··· Given records
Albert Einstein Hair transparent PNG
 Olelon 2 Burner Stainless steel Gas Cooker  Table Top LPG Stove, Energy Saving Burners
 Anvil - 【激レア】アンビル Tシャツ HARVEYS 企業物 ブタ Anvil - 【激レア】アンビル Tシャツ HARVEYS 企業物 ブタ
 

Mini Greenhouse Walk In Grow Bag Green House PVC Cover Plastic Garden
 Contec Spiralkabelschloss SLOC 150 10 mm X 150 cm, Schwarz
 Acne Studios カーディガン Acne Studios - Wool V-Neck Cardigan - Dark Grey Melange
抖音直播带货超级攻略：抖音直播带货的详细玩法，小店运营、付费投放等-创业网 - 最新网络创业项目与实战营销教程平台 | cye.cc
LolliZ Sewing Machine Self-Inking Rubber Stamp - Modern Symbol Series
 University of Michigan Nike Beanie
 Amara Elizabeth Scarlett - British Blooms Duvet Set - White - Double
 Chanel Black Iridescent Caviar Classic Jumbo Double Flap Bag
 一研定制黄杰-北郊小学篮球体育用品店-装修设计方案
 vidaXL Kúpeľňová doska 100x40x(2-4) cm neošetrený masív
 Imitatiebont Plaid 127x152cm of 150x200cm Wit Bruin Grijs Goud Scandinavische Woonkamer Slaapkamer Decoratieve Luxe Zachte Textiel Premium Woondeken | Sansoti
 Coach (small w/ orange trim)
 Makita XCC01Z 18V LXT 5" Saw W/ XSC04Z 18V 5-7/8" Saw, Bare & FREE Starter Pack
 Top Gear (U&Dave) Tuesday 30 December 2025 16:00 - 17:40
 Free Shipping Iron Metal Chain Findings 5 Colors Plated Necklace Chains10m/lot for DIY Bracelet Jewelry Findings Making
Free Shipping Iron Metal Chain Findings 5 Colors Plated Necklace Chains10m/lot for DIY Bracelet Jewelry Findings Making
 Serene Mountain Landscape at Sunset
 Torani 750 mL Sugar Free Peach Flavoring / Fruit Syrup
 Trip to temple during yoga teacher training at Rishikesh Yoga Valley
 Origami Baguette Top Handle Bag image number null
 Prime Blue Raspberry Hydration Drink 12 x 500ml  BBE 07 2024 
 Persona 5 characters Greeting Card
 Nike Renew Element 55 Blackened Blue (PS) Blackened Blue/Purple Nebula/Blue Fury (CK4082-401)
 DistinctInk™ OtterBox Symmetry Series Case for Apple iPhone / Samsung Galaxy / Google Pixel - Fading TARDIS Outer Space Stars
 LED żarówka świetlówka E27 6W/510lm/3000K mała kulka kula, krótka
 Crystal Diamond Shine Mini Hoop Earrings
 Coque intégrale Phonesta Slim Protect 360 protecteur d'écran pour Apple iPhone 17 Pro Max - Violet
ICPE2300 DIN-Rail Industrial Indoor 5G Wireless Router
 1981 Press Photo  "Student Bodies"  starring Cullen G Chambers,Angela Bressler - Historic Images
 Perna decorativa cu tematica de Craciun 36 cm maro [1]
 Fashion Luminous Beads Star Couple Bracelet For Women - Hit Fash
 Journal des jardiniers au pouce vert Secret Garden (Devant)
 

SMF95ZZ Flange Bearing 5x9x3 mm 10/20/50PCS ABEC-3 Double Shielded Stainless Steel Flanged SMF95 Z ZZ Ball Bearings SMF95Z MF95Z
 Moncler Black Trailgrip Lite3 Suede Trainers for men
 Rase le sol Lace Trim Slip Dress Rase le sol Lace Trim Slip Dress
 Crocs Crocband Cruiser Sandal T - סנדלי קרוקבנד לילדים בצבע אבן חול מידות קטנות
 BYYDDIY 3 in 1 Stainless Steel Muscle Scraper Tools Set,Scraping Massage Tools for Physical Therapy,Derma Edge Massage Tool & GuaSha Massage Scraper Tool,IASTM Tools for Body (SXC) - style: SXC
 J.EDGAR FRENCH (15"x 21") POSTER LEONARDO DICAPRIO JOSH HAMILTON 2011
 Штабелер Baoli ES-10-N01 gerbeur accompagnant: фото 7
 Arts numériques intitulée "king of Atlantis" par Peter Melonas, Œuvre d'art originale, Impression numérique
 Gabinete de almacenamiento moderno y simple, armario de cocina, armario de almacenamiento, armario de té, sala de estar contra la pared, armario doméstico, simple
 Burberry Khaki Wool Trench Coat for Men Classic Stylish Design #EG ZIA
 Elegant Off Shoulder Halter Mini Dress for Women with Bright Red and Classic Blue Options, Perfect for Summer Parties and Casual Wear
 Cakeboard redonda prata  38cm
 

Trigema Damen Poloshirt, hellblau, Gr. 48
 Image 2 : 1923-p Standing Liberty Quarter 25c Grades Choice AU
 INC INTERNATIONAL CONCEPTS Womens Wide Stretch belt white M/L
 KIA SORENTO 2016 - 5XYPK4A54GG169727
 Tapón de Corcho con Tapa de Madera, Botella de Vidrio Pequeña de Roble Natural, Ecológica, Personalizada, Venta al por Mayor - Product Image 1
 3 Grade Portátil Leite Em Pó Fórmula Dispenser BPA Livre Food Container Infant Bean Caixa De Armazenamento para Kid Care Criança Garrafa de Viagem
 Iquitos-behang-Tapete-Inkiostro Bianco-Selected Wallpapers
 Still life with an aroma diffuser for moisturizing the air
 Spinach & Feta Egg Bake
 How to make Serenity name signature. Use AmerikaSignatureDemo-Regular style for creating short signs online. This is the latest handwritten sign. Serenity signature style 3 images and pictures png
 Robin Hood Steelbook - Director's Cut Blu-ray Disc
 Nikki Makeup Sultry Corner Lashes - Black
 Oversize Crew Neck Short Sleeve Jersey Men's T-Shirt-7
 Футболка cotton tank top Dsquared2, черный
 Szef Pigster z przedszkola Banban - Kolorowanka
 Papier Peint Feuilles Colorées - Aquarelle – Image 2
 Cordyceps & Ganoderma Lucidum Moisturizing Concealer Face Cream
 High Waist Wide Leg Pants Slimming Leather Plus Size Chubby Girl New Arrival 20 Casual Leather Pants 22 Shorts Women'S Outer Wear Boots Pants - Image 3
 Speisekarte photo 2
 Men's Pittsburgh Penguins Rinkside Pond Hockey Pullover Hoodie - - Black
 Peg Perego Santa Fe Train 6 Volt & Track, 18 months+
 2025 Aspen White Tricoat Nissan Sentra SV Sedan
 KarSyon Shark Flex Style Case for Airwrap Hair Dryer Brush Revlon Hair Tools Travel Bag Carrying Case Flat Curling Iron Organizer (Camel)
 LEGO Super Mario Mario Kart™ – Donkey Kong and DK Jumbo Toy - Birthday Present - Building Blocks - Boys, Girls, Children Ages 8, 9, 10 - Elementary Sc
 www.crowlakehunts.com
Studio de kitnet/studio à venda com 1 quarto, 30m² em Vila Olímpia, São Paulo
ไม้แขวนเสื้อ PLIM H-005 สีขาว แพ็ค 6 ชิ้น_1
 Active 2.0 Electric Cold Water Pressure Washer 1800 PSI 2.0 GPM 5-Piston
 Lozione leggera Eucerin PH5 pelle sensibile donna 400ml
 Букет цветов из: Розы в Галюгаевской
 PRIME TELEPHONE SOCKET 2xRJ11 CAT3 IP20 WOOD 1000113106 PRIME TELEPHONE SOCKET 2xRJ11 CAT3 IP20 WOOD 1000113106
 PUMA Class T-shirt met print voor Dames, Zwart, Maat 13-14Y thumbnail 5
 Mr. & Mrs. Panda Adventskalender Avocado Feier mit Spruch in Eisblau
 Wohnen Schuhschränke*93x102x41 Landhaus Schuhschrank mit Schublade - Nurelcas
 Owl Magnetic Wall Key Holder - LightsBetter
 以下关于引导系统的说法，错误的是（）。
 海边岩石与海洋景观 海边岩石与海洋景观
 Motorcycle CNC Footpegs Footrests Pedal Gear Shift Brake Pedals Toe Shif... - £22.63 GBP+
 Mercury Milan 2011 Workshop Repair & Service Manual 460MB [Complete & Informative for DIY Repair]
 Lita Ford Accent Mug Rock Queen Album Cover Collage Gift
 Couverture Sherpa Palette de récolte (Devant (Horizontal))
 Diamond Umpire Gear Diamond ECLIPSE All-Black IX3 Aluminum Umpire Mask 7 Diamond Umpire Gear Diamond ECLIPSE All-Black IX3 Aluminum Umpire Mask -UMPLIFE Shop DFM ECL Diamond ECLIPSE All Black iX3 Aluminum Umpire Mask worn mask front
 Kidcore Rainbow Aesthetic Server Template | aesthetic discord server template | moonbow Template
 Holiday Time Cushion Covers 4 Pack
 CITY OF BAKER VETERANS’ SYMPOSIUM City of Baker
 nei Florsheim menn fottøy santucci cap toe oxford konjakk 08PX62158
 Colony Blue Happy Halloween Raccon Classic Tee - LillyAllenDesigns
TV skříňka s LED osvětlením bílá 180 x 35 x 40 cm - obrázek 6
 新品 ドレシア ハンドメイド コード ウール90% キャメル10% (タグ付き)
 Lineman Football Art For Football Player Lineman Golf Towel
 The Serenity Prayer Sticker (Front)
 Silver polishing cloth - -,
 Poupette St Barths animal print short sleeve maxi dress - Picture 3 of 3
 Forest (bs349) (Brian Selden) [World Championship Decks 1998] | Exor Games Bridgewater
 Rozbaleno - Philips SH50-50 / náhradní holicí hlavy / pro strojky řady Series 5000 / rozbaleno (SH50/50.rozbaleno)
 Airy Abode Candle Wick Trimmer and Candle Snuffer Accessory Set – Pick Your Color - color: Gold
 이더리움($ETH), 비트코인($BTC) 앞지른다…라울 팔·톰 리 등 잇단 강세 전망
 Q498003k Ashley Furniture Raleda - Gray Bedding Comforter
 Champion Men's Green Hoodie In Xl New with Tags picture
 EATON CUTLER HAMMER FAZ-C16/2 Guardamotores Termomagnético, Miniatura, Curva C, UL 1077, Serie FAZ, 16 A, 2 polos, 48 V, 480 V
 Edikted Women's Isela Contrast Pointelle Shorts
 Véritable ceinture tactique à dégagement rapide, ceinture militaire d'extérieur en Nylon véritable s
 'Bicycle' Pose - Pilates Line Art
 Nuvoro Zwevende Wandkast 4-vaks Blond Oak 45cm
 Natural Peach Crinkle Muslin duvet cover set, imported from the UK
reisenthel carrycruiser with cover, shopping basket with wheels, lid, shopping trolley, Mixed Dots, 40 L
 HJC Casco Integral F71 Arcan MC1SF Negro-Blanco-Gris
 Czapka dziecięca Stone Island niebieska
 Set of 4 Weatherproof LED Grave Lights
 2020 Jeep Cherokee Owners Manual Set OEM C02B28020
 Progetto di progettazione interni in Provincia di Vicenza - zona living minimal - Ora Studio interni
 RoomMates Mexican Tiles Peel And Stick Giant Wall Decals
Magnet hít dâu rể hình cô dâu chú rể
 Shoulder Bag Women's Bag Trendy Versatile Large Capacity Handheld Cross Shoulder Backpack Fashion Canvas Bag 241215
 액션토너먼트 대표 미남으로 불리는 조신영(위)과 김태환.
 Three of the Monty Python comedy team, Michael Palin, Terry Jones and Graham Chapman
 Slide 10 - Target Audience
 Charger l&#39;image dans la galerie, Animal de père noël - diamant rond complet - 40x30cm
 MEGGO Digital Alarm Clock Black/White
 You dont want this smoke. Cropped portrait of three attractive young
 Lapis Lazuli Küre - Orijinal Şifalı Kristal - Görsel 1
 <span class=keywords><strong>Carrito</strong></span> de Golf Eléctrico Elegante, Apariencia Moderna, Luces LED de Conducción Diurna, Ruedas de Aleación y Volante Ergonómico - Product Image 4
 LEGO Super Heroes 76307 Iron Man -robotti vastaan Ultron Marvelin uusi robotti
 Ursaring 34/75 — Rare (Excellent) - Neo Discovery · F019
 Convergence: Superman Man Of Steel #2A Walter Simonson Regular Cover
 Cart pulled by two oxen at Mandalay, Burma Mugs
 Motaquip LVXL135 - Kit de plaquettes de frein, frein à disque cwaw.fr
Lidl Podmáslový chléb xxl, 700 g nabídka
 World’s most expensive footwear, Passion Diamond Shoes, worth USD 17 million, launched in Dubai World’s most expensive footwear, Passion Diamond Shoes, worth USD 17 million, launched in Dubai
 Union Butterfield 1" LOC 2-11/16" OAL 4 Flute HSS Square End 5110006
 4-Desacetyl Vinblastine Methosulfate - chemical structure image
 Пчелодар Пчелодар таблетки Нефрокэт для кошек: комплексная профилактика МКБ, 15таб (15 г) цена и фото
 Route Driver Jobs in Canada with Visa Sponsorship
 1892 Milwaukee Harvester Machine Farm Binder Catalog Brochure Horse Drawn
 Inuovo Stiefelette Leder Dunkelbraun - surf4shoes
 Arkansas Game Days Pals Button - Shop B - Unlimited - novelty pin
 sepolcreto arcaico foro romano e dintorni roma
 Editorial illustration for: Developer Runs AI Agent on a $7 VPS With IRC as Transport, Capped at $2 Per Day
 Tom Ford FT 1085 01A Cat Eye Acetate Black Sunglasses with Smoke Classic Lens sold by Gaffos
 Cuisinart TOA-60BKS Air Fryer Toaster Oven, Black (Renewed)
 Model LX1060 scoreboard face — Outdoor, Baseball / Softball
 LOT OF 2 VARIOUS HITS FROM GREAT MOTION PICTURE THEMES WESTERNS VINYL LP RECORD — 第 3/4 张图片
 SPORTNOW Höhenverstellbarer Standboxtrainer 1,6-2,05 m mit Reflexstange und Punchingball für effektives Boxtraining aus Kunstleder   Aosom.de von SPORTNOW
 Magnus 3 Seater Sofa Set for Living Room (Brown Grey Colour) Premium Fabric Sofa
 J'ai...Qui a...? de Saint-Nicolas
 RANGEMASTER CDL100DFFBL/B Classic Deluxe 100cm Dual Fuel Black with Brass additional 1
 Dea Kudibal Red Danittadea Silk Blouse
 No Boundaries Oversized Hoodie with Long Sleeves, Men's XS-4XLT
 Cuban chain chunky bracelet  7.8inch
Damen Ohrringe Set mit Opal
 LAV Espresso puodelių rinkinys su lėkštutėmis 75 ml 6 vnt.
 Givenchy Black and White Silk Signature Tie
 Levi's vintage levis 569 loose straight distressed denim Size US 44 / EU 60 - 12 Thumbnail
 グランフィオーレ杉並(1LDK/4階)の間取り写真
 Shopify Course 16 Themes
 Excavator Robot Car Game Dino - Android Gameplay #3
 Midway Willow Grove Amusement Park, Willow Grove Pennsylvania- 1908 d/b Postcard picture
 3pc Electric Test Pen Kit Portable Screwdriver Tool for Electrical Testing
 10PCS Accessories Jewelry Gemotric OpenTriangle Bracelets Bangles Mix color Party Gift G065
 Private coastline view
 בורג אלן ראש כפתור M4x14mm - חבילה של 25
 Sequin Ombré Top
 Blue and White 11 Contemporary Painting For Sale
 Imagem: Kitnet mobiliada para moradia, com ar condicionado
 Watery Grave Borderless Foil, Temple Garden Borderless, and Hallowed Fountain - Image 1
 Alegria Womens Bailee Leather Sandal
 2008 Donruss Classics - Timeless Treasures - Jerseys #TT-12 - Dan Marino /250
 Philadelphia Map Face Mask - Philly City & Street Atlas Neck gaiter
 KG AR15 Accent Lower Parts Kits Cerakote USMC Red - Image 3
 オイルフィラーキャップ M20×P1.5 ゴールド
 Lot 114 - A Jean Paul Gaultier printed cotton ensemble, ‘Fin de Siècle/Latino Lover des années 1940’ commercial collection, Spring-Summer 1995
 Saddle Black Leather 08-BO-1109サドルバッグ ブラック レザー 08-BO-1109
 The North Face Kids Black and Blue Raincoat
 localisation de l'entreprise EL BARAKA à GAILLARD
······
Task item – Copy from the line with "Alegria Womens Bailee Leather Sandal" to the final line of the records, inclusive, and add nothing else.

Output of the exercise –
 Alegria Womens Bailee Leather Sandal
 2008 Donruss Classics - Timeless Treasures - Jerseys #TT-12 - Dan Marino /250
 Philadelphia Map Face Mask - Philly City & Street Atlas Neck gaiter
 KG AR15 Accent Lower Parts Kits Cerakote USMC Red - Image 3
 オイルフィラーキャップ M20×P1.5 ゴールド
 Lot 114 - A Jean Paul Gaultier printed cotton ensemble, ‘Fin de Siècle/Latino Lover des années 1940’ commercial collection, Spring-Summer 1995
 Saddle Black Leather 08-BO-1109サドルバッグ ブラック レザー 08-BO-1109
 The North Face Kids Black and Blue Raincoat
 localisation de l'entreprise EL BARAKA à GAILLARD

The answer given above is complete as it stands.